> DATA FOR PROCESSING
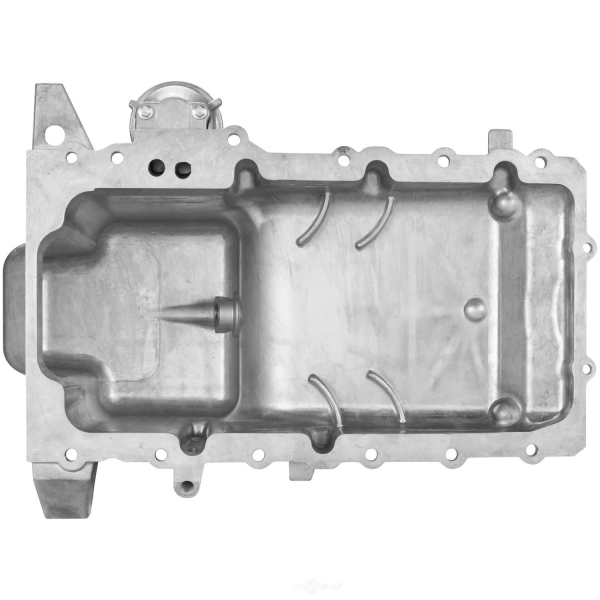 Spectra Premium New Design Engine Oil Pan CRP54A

--

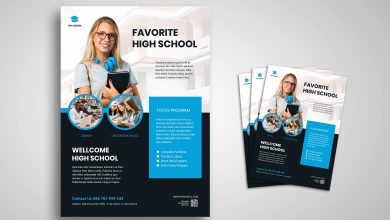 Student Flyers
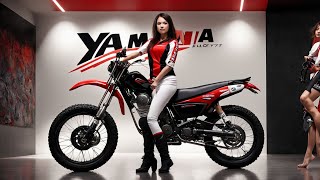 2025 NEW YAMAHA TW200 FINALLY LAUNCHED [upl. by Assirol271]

> PROBLEM TO SOLVE
Starting with the line that contains "Student Flyers" and finishing with the line that contains "2025 NEW YAMAHA", reproduce every line of the material above exactly, but not the pictures.

> TASK ANSWER
 Student Flyers
 2025 NEW YAMAHA TW200 FINALLY LAUNCHED [upl. by Assirol271]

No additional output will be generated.